«Простота» советского человека заключается в минимизации запросов и ценностных критериев и является стратегией выживания. Эта минимизация дополняется «черной» завистью к тем, кто более успешен, и пассивной мечтательностью — верой, что в будущем каким-то образом жизнь станет лучше.
Юрий Левада указывал на терпеливость человека советского, но подчеркивал, что эту терпеливость едва ли можно рассматривать как положительное качество: «Принято считать, что «наш» человек отличается образцовым терпением. Многие и сегодня полагают, что по этой-то части мы еще может дать пример остальному миру. Терпение бывает разным. Когда, допустим, говорят, что «терпение и труд все перетрут», имеется в виду терпение активное, упорная и терпеливая работа. Увы, «не наша» это черта. Куда ближе нам терпение ожидания (в очереди?), нечто заведомо пассивное. И ждут притом не того чуда, которое вымаливают молитвой или выслуживают праведностью жизни,
— нет, скорее просто счастливого случая. Взыскание чуда практически совпадает с расчетом на знаменитый российский «авось»[163].В лекции, прочитанной в 2006 году, Юрий Левада отмечал еще одну особенность терпения советского человека: «Человек не просто беспомощно терпеливый, что мы видим по многим данным и в реальной жизни, которую вы сами можете оценивать. Человек наш лукавый, он думает, что он стерпит, и его не тронут. Что кого-то разорят, а его — нет. Что он послушается и стерпит повышение цен, но сумеет получить зарплату, с которой налогов не заплатит, и покроет это повышение. Эта черта является одной из самых прочных»[164]

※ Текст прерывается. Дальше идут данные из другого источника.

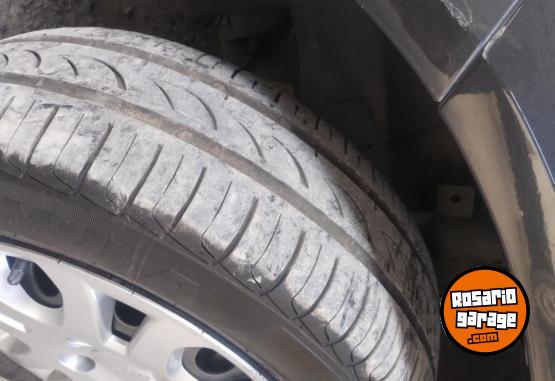 Autos - Ford Fiesta Max 2011 Nafta 160000Km - En Venta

.Патерналистское отношение к власти
Советский человек — это государственно зависимый человек, ориентированный на те формы вознаграждения и социального контроля, которые исходят только от государства, причем, государства пытающегося быть «тотальным», стремящегося охватывать все стороны существования человека, играть в его отношении патерналистскую, попечительскую, воспитательную роль. Основой ориентации в мире и понимания происходящего для советского человека являются самые общедоступные модели поведения, задаваемые «тотальными» институтами государства. Отсюда проистекает патерналистская зависимость и тревожность советского человека.

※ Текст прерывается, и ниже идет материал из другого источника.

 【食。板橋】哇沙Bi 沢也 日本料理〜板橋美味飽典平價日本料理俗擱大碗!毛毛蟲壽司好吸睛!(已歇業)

Вот как описывала свои первые впечатления от встречи с Россией в середине 80-х гг. американка, психолог Фрида Порат: «Два года назад я впервые приехала к вам и чуть ли не с трапа самолета попала в Большой театр. Восхитительный театр, прекрасная балетная труппа! После первого действия я вскочила со своего места и зааплодировала. Вдруг все в зале встают, поворачиваются в мою сторону и тоже аплодируют. Что такое? Неужели я столь важная персона? Наконец сообразила: по соседству расположена правительственная ложа. Первые лица государства одобрительно захлопали артистам — и публика вслед за ними, перестали аплодировать — и зал мгновенно смолк.
«И это называется демократией?» — подумала я. Такое невозможно представить ни в какой другой стране! Здесь люди панически боятся принимать самостоятельные решения, даже думать боятся. Потом много раз убеждалась: вы не любите альтернатив.